→ **Your goal**:
From the first line to the last, give the material again exactly, without the images.
+++ Input data +++
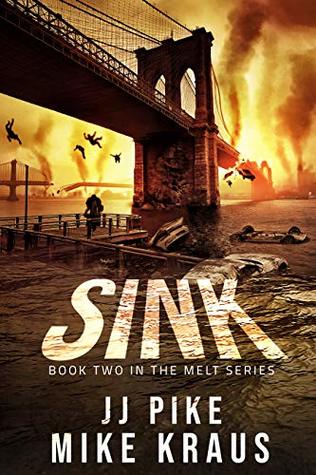 Sink (Melt #2)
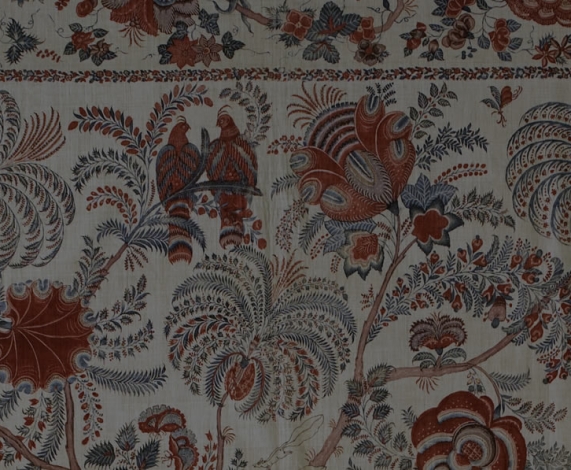 Global Threads: India’s Textile Revolution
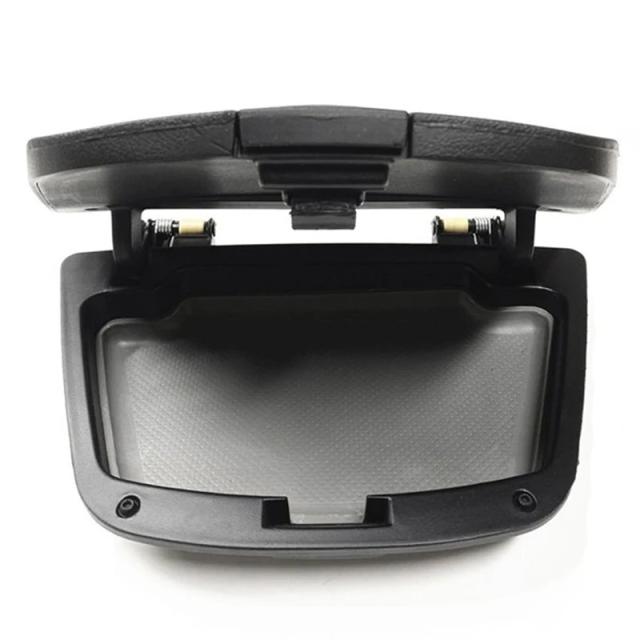 シボレー・クルーズ 2010-2015 専用 ダッシュボード センターコンソール 収納ボックス カバー アクセサリー 輸入品_5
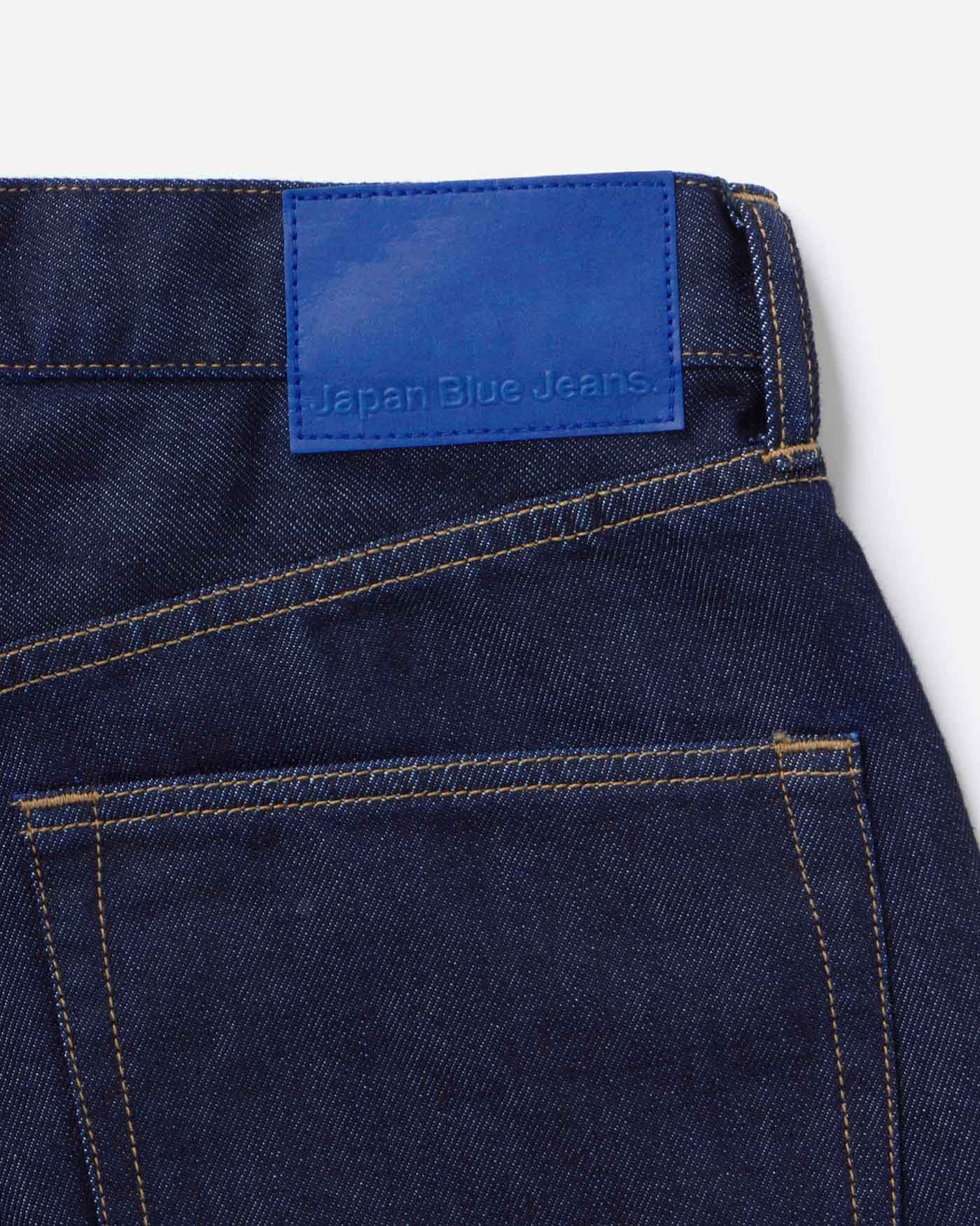 MEN｜Light Loose Jeans 9oz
+++
→ **Solution**:
 Sink (Melt #2)
 Global Threads: India’s Textile Revolution
 シボレー・クルーズ 2010-2015 専用 ダッシュボード センターコンソール 収納ボックス カバー アクセサリー 輸入品_5
 MEN｜Light Loose Jeans 9oz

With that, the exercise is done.